有人宇宙システムの構築に向けて (3)ロケットとアボートシステム [宙の会]

第3回来てました。

通常の飛行経路では、1段燃焼中に180km程度の高度に達してしまうため、1段燃焼の途中でピッチ角を下げて100km程度を飛行するようにします。その後、1/2段分離前にピッチ角を増して高度を一時的に上げます。これは、H-IIBあるいは相似のロケットの構成では2段の推力が低いため、2段燃焼初期に高度が急激に失われることを補償しておくためです。それでも2段燃焼初期には最大で45°以上の非常に大きな迎角を取る必要がありますが、大体の領域において、高度120km程度を維持するように飛行させることが可能です。

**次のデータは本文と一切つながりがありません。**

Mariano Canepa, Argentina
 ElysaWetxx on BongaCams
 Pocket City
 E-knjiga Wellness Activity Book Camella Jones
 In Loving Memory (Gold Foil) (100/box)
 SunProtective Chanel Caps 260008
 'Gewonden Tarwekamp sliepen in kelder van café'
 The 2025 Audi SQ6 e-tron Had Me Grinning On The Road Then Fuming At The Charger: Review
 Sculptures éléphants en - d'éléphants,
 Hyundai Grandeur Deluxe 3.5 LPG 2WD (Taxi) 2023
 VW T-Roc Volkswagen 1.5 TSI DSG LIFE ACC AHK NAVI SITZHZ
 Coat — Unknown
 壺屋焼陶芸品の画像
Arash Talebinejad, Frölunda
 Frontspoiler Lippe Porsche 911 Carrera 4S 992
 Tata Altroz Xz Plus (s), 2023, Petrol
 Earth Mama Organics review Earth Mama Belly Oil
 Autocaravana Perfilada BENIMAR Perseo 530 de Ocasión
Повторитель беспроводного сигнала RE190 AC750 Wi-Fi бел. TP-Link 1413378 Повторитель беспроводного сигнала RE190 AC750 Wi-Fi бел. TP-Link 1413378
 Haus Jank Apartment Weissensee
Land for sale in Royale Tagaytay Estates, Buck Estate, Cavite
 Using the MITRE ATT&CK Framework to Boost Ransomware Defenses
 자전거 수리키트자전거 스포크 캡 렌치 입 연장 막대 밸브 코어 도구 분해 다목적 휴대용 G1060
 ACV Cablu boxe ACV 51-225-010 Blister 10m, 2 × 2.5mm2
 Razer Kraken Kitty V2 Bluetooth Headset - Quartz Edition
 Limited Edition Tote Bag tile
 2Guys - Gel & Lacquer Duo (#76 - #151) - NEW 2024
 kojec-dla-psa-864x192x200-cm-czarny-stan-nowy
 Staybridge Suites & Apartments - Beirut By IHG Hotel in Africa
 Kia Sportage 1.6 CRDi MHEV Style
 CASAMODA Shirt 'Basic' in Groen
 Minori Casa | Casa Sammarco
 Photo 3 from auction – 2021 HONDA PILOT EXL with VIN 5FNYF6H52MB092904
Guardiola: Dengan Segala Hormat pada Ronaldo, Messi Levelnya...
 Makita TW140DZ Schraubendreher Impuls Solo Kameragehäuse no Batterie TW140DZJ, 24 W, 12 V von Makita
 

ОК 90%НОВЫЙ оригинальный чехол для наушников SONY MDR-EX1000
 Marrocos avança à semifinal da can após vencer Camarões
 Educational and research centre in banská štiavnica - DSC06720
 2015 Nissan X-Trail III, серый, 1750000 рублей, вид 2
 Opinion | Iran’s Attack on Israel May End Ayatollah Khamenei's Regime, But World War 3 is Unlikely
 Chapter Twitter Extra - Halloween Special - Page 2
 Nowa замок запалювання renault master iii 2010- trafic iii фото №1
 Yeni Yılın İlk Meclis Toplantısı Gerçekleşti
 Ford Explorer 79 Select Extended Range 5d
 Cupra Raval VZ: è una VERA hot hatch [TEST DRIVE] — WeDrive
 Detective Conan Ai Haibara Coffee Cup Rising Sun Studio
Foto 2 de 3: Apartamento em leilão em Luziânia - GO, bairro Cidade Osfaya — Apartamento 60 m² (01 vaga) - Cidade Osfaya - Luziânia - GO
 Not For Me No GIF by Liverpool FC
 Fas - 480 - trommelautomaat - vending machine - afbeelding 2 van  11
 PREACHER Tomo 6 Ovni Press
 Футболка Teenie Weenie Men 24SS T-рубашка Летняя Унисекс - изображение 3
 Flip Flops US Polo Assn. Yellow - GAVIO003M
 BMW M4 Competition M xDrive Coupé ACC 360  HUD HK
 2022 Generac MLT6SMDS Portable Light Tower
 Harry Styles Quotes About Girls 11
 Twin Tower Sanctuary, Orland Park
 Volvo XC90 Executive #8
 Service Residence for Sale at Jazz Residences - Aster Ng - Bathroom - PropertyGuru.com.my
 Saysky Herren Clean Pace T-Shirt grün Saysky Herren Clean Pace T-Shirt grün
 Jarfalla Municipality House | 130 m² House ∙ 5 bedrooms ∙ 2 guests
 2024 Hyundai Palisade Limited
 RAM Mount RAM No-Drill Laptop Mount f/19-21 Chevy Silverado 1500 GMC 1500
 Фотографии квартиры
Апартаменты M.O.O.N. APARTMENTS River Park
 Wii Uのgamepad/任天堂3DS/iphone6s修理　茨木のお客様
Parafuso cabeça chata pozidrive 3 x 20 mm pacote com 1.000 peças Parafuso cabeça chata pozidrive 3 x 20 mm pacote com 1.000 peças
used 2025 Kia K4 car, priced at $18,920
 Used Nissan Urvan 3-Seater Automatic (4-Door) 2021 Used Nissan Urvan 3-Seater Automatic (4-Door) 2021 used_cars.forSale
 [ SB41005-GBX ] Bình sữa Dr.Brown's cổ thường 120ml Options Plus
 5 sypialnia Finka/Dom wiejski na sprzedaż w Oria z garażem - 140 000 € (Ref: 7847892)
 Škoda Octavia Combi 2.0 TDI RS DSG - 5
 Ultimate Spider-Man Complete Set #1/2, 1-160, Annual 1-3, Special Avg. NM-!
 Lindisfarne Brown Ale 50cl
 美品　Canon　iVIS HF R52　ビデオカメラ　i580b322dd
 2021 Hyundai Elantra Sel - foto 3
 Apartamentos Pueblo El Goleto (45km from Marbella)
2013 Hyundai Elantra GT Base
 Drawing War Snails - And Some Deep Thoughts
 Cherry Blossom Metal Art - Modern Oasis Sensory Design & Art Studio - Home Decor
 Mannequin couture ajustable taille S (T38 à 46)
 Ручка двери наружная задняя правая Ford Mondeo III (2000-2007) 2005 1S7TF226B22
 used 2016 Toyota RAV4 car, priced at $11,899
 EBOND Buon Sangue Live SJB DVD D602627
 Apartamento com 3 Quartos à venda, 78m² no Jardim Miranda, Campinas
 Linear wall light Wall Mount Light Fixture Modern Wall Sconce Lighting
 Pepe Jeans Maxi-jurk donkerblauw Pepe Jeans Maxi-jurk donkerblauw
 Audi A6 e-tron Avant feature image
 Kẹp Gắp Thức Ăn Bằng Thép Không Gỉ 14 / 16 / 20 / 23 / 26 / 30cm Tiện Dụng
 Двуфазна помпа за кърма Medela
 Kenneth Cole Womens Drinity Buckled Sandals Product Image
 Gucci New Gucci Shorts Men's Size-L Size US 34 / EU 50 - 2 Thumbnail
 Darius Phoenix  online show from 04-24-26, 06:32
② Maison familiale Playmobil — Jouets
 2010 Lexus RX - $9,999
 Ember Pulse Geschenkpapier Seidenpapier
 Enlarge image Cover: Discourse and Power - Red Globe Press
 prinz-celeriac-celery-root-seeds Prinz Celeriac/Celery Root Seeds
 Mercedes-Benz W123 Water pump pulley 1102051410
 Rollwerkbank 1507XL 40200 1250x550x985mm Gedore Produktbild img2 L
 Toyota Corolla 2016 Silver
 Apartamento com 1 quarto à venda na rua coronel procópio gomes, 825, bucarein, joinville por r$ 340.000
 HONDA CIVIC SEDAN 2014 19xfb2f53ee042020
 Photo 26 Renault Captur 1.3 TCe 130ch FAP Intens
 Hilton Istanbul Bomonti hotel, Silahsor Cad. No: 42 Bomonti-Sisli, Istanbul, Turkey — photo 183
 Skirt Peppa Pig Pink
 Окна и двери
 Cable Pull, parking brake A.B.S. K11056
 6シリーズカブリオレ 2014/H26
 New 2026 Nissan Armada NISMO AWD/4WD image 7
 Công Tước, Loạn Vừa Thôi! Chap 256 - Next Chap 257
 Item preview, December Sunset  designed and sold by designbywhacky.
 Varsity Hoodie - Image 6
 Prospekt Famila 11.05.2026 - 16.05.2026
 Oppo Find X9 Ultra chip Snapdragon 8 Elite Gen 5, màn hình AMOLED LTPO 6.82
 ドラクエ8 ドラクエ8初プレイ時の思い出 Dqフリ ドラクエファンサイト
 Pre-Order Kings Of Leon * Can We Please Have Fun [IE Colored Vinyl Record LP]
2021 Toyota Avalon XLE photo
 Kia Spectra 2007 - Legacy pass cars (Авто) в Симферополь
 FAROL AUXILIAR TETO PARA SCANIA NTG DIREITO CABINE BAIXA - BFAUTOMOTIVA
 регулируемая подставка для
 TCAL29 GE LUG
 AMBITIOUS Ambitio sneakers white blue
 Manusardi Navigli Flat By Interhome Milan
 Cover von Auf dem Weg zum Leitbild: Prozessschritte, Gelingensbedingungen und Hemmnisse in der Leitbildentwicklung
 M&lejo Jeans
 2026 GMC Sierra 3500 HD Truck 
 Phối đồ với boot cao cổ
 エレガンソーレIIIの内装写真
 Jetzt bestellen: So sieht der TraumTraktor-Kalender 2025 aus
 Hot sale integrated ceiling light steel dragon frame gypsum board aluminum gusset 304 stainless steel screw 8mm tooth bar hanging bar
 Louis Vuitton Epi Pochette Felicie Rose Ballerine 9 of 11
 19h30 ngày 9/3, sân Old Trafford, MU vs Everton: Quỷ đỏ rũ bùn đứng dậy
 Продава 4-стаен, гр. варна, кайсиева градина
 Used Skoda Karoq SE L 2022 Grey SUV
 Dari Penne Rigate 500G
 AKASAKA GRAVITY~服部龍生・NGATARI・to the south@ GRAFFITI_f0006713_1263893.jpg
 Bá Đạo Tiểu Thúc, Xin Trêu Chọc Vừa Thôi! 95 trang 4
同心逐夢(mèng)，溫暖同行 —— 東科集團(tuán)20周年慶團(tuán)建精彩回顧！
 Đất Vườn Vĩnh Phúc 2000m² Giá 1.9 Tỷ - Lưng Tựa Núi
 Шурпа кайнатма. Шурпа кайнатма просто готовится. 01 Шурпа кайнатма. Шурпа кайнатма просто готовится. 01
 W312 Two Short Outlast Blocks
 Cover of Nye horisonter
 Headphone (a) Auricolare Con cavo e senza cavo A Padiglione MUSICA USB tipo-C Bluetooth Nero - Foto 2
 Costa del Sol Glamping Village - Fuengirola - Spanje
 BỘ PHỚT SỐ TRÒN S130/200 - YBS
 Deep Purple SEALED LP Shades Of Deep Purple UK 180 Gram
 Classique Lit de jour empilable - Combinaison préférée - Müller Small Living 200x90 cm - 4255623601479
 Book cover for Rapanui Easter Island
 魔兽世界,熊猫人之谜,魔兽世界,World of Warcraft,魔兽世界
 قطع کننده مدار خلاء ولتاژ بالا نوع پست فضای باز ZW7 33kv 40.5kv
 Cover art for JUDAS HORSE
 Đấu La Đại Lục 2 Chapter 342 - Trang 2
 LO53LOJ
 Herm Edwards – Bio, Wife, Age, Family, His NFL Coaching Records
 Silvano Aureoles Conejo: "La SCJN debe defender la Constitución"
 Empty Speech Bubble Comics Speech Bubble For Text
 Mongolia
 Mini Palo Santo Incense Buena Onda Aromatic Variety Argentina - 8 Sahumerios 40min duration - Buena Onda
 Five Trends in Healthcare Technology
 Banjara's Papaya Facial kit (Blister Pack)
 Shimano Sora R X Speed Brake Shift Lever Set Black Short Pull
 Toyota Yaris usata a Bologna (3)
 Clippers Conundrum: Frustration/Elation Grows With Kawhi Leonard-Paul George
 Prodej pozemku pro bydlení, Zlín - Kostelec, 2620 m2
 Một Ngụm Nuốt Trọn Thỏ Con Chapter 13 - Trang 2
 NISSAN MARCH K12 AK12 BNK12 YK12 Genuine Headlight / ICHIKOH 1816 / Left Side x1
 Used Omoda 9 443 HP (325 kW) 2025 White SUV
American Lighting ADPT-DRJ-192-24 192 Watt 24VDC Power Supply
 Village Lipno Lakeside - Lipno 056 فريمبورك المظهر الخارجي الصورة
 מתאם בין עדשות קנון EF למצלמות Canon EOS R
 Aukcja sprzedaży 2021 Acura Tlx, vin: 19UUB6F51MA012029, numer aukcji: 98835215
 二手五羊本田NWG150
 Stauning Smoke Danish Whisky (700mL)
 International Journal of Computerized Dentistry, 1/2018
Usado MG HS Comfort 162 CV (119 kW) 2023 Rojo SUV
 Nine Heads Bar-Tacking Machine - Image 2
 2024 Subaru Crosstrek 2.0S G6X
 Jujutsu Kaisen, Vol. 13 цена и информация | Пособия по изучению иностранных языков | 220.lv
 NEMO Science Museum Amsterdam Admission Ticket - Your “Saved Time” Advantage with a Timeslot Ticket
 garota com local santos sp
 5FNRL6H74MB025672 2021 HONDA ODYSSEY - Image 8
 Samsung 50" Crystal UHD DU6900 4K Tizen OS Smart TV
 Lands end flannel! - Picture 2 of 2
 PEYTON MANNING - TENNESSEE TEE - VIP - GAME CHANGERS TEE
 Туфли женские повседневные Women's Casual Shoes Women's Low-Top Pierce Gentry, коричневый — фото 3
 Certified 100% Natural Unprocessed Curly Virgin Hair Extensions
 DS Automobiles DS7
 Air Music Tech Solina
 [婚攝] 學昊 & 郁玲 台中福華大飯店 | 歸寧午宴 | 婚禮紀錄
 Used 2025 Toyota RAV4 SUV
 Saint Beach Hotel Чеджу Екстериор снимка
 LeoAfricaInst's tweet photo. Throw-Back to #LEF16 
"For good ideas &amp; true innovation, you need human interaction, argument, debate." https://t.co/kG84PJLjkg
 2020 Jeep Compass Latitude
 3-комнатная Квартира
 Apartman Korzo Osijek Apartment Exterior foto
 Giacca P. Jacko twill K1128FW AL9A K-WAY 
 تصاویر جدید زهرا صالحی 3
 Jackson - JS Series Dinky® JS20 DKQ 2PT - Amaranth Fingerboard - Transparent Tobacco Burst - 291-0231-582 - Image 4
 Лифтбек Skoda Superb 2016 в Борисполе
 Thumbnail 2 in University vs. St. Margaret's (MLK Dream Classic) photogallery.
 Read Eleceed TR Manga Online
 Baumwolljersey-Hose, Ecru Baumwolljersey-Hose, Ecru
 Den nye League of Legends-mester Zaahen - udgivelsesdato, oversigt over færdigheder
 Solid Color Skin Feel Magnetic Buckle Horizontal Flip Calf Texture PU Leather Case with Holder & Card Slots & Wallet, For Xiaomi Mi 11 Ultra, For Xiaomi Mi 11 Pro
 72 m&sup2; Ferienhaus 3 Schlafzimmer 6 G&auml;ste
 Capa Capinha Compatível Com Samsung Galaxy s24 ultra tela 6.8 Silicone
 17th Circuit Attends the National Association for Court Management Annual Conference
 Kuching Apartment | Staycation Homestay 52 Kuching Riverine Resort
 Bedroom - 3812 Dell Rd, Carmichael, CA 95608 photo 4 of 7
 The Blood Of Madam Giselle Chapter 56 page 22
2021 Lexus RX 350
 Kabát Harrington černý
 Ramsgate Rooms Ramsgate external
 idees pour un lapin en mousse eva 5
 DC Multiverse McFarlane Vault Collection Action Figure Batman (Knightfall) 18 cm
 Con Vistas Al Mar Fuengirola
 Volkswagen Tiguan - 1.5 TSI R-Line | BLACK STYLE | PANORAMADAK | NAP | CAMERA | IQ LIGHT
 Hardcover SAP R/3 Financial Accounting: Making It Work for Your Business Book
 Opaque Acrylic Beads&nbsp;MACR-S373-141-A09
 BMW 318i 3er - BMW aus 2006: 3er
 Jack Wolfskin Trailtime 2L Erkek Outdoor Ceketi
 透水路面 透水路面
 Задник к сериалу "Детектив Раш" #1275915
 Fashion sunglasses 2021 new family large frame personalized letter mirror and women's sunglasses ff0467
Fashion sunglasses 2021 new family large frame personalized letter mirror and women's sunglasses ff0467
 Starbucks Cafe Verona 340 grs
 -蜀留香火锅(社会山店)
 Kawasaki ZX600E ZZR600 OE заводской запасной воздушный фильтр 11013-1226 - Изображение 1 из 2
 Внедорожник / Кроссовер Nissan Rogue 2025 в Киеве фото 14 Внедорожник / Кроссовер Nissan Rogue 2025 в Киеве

このことからも、ロケットの飛行高度をいたずらに下げることを目指すよりも、カプセルを揚力飛行させた方が、ずっと効果が大きく、一連のレポートで提案している「次世代型再突入カプセル」として、緊急時に弾道飛行に頼らない機体によって重力環境を改善する方が、乗員の重力環境を緩和するために効率的であることが判ります。

H-IIBだと有人打ち上げプロファイルはこんな感じになるらしい。スペック的には必要十分なようです。

H-IIBを代表とする固体ブースタ付のロケットでは、打上げ時の「不着火」の可能性が懸念されます(ただ、液体ロケットエンジンでも「突然の推力低下」という一般的な故障モードがあるので、推力の不均衡は必ずしも固体ロケットエンジンだけで懸念すべき事象とは考えていません)。しかし、4本SRB-Aを持つH-IIB、あるいは相似のロケットでは、不着火時にも合計推力が総重量を上回り、そのまま離床できるため、安全に対応できる、と私は考えています。理由は以下の通りです。

  • 着火/不着火の故障判定基準が明確であり、迅速な検知が容易。故障対応で最も難しいことは確実な検知だが、固体ロケットの不着火事象は検知が容易で迅速な対応を取り易い。
  • 中途半端な故障ケースがなく、不着火後のロケット挙動(パッドドリフトなど)のシミュレーション条件を容易に設定できる。これにより、不着火時の状況を把握し易く、地上設備などの対応が取り易い。
  • 固体ロケットの不着火自体の可能性が非常に低く、更に他の機器の故障が重なって起こる可能性は無視できるほど低い。従って、故障の組み合わせによって状態が更に悪化することがない。

1本だけ不着火なんてことになると物凄くバランスの悪い状態で離床してしまいそうですが、アボートする分にはもってこいのようです。逆に1本だけ点火だとその場でひっくり返っちゃいそうですけど。こういう場合、宇宙船の安全性は良いとして射点設備が吹っ飛んじゃいそうです。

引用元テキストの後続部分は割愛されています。